**YOUR ASSIGNMENT**
Copy the opening lines of the listing exactly, through and including the line with "Дым, лофт, кальян, Цыгане."; do not copy any pictures.
[Opening RECORDS TO USE section]
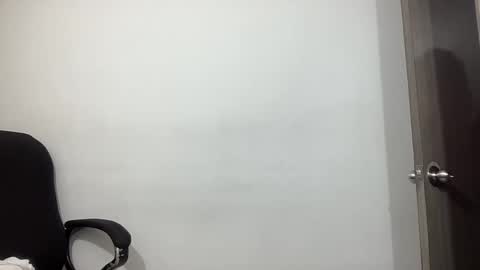 Snapshot of bob_pettersonn chatting on March 10, 11:38 pm Bob  INDEPENDENT MODEL online show from March 10, 11:38 pm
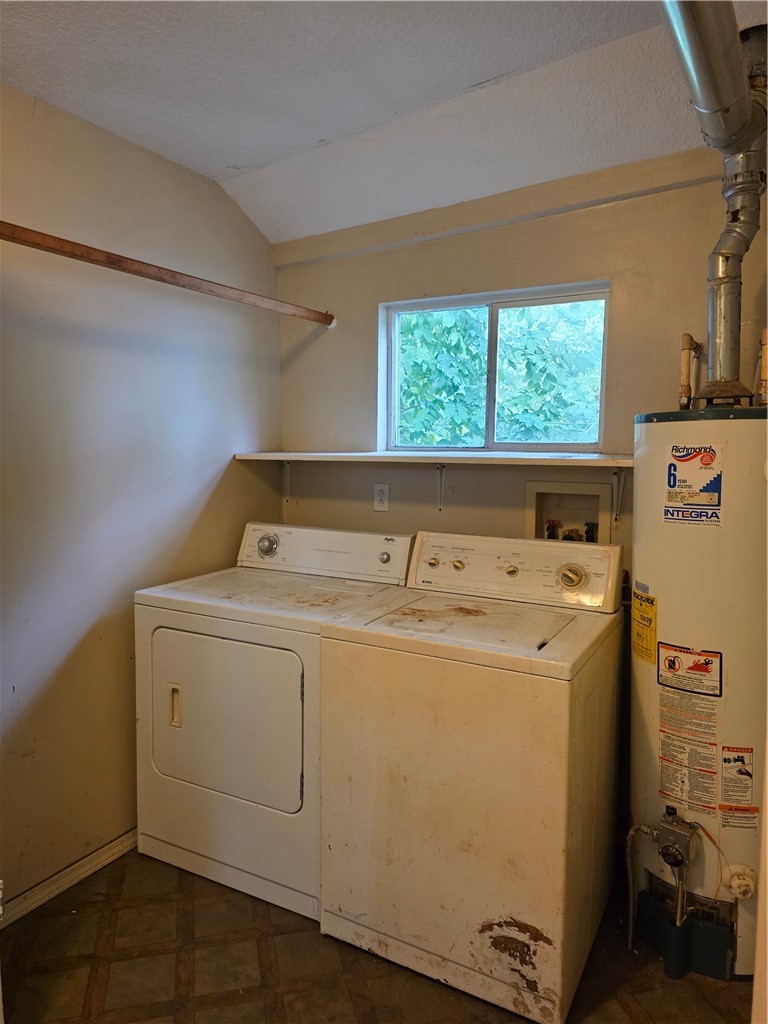 3820 E Grand Avenue Property Photo 18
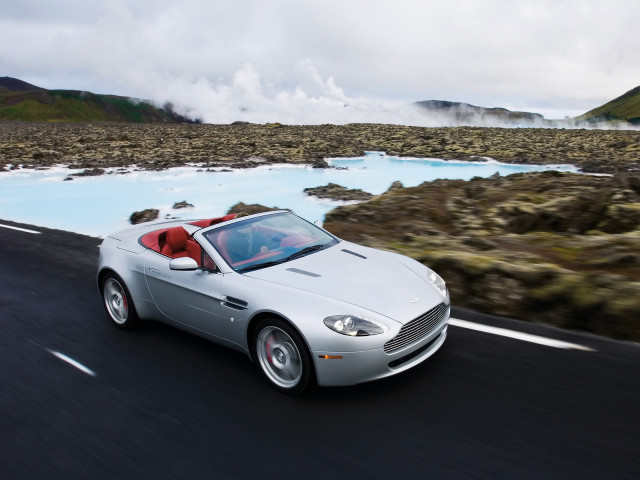 aston martin v8 vantage roadster pic #39398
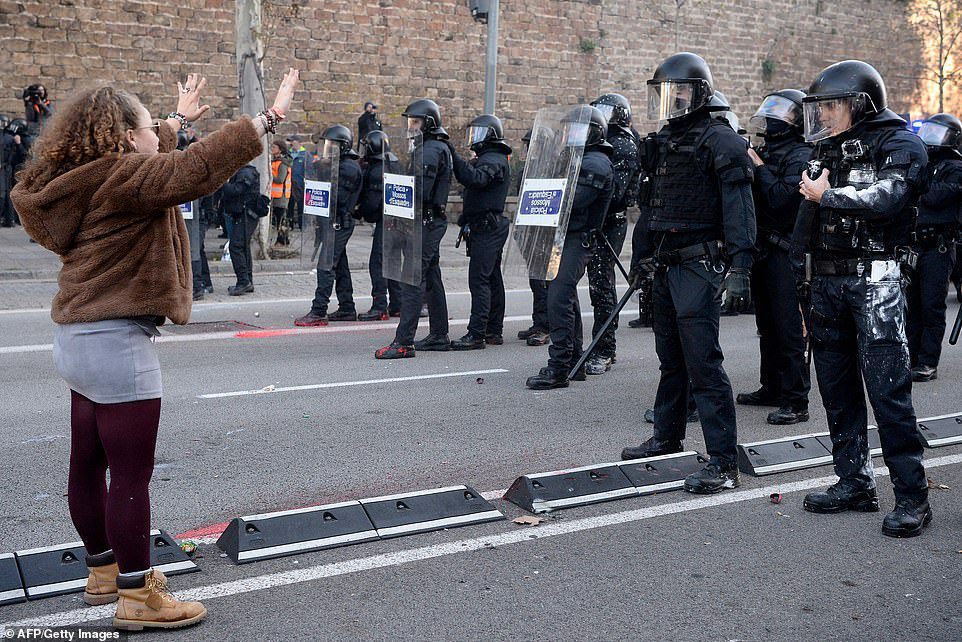 Separatist protesters block roads and scuffle with police in Barcelona |  Daily Mail Online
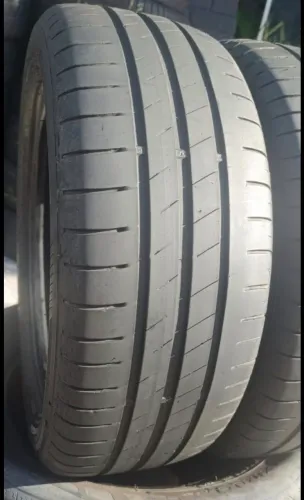 Par de Pneus Goodyear 195/55/R15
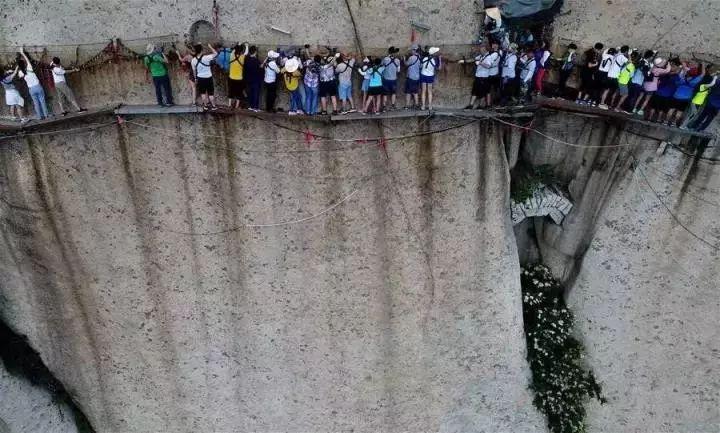 盘点中国5大古栈道，悬空凿壁，古人的奇迹之作！你敢不敢来挑战？ - 知乎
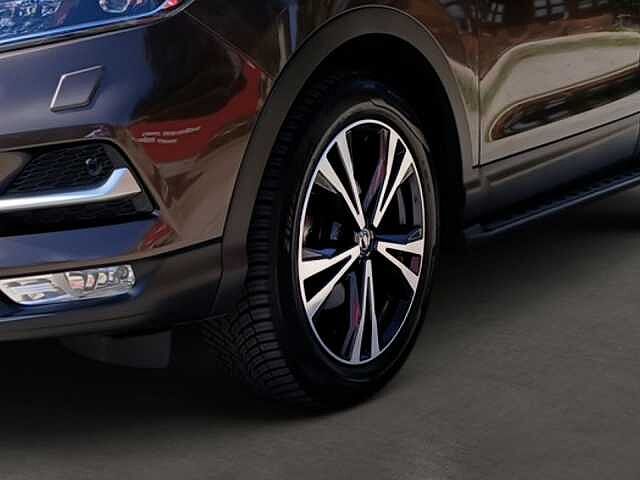 Nissan QASHQAI N-CONNECTA LED*BF*Navi*Kamera*SHZ*
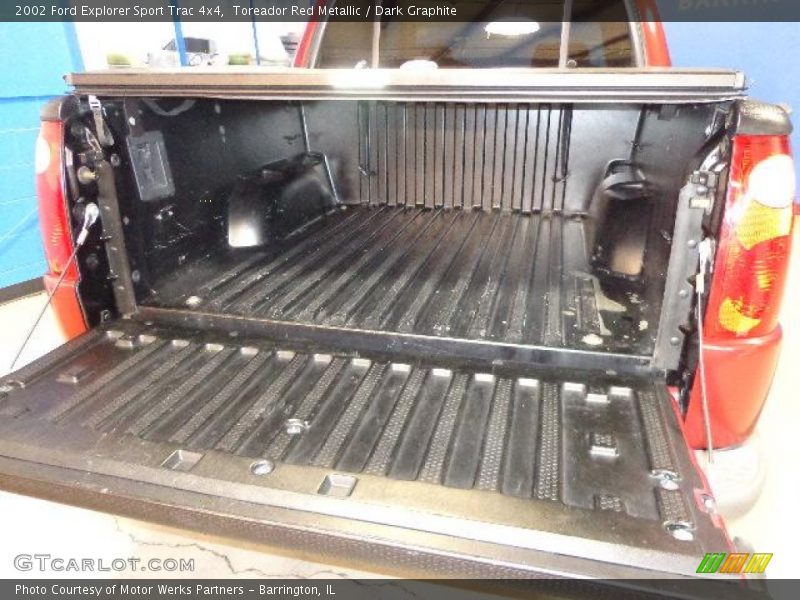 Toreador Red Metallic / Dark Graphite 2002 Ford Explorer Sport Trac 4x4
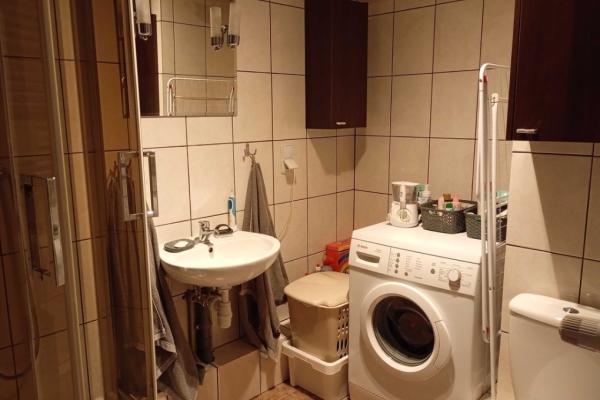 Ogłoszenie - 2pok, 40met, Okolice Laurowej BALKON/KOMÓRKA/GARAŻ (Wrocław). Zdjęcie 5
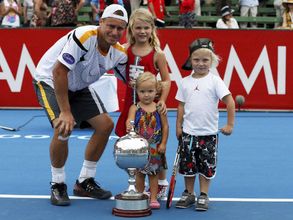Australian Open: Lleyton Hewitt bids emotional farewell to tennis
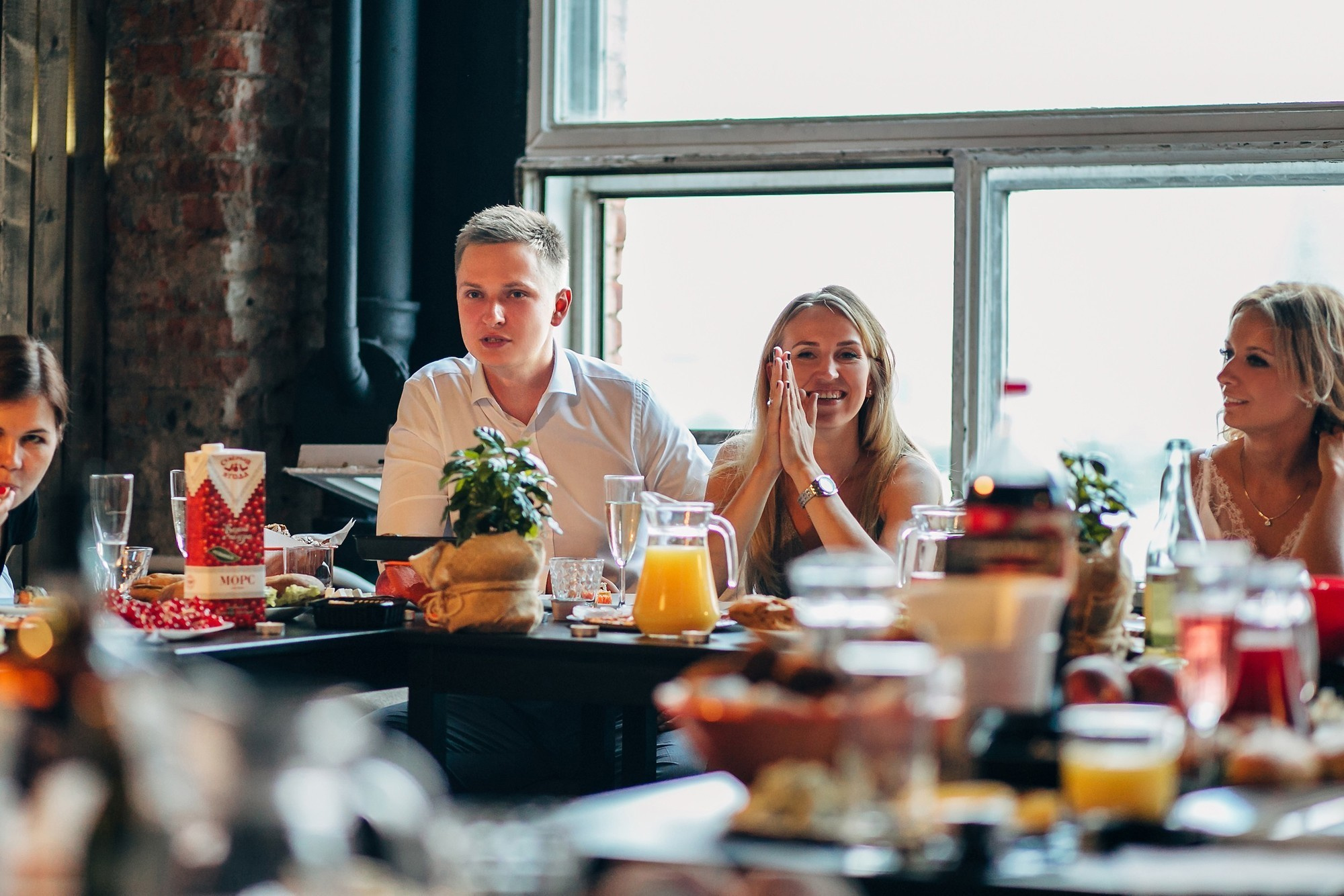 Дым, лофт, кальян, Цыгане. Самый свадебный фотограф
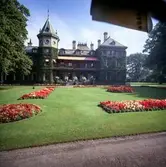 Pappersbruket Papyrus disponentbostad sedd från trädgården. Mölndal, september 1965.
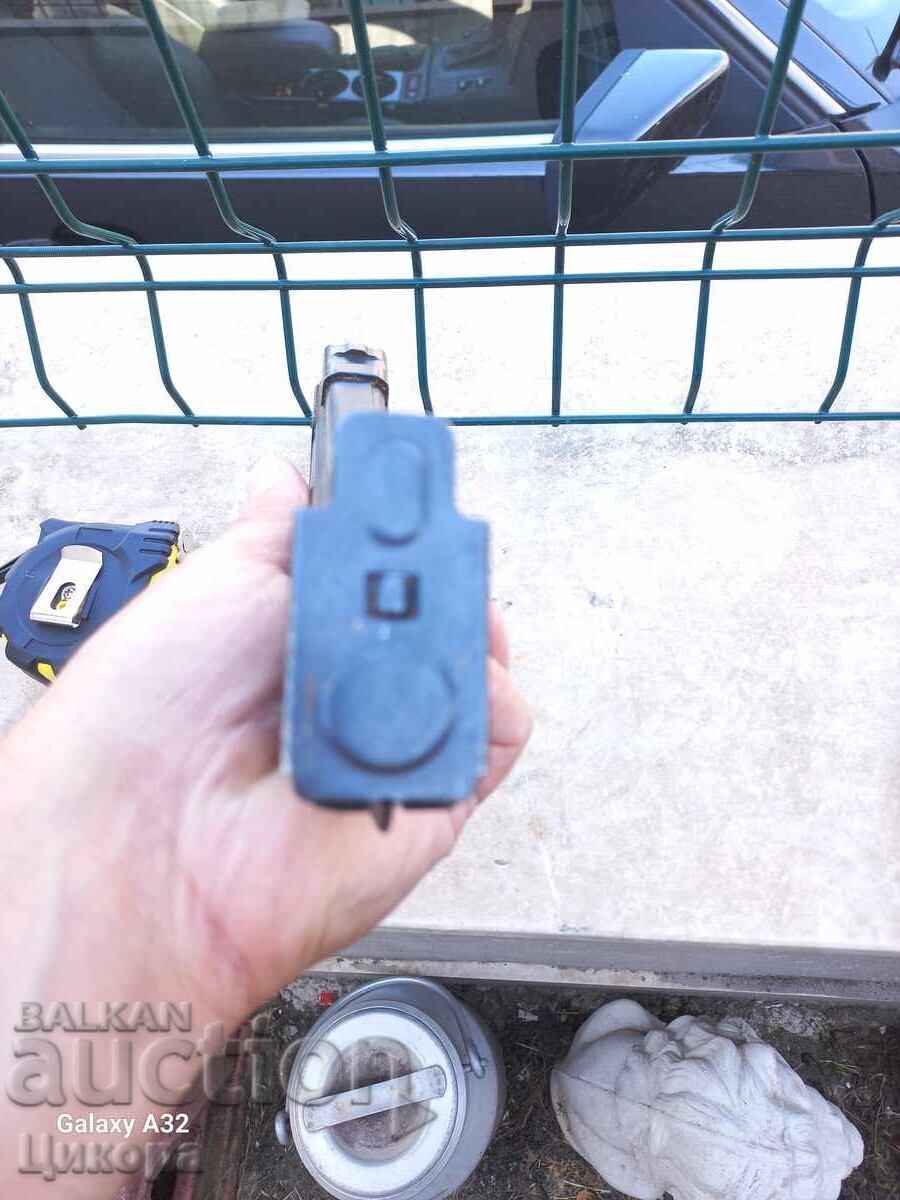 ПЪЛНИТЕЛ ЗА АК - 5 ПЪЛНИТЕЛ ЗА АК - 5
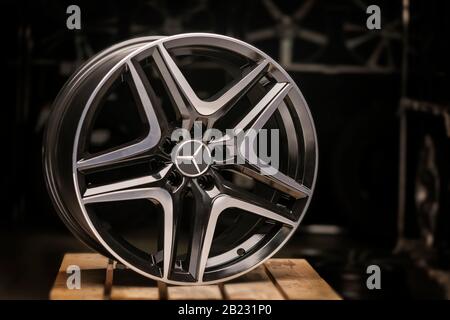 Krasnoyarsk, Russie, 20 février 2020: Jantes alliage noir original Mercedes Benz nouveau, avec une étoile à trois poutres. La roue d'origine. Banque D'Images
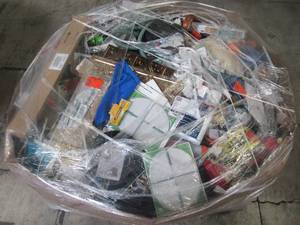 lot 407 image: WHOLESALE MIXED PALLET OF OUTDOOR PATIO ITEMS AND HOME DECOR
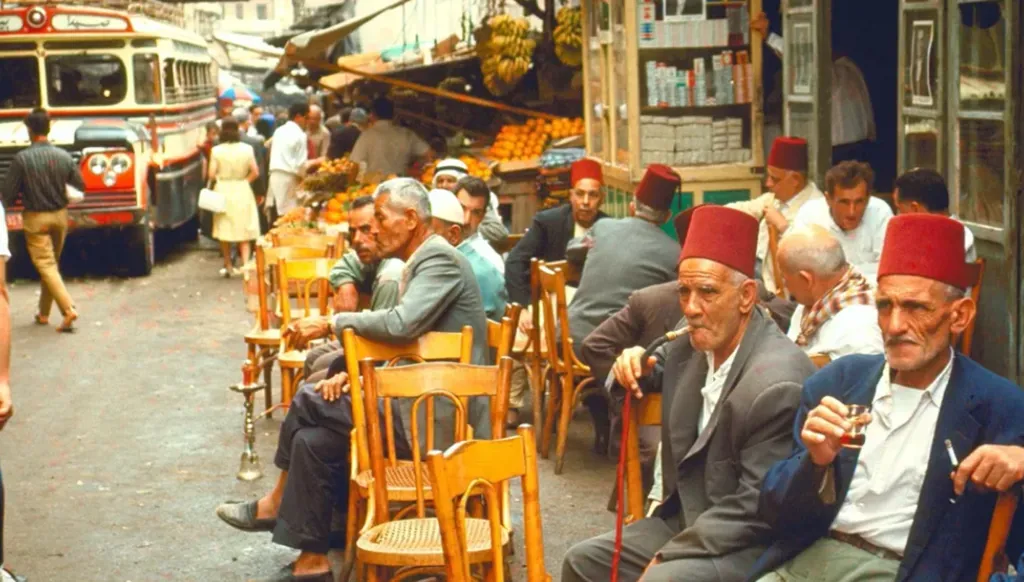 The café as a theater of politics and identity in 1950s and 1970s Beirut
[Closing RECORDS TO USE section]
**OUTPUT BELOW**
 Snapshot of bob_pettersonn chatting on March 10, 11:38 pm Bob  INDEPENDENT MODEL online show from March 10, 11:38 pm
 3820 E Grand Avenue Property Photo 18
 aston martin v8 vantage roadster pic #39398
 Separatist protesters block roads and scuffle with police in Barcelona |  Daily Mail Online
 Par de Pneus Goodyear 195/55/R15
 盘点中国5大古栈道，悬空凿壁，古人的奇迹之作！你敢不敢来挑战？ - 知乎
 Nissan QASHQAI N-CONNECTA LED*BF*Navi*Kamera*SHZ*
 Toreador Red Metallic / Dark Graphite 2002 Ford Explorer Sport Trac 4x4
 Ogłoszenie - 2pok, 40met, Okolice Laurowej BALKON/KOMÓRKA/GARAŻ (Wrocław). Zdjęcie 5
Australian Open: Lleyton Hewitt bids emotional farewell to tennis
 Дым, лофт, кальян, Цыгане. Самый свадебный фотограф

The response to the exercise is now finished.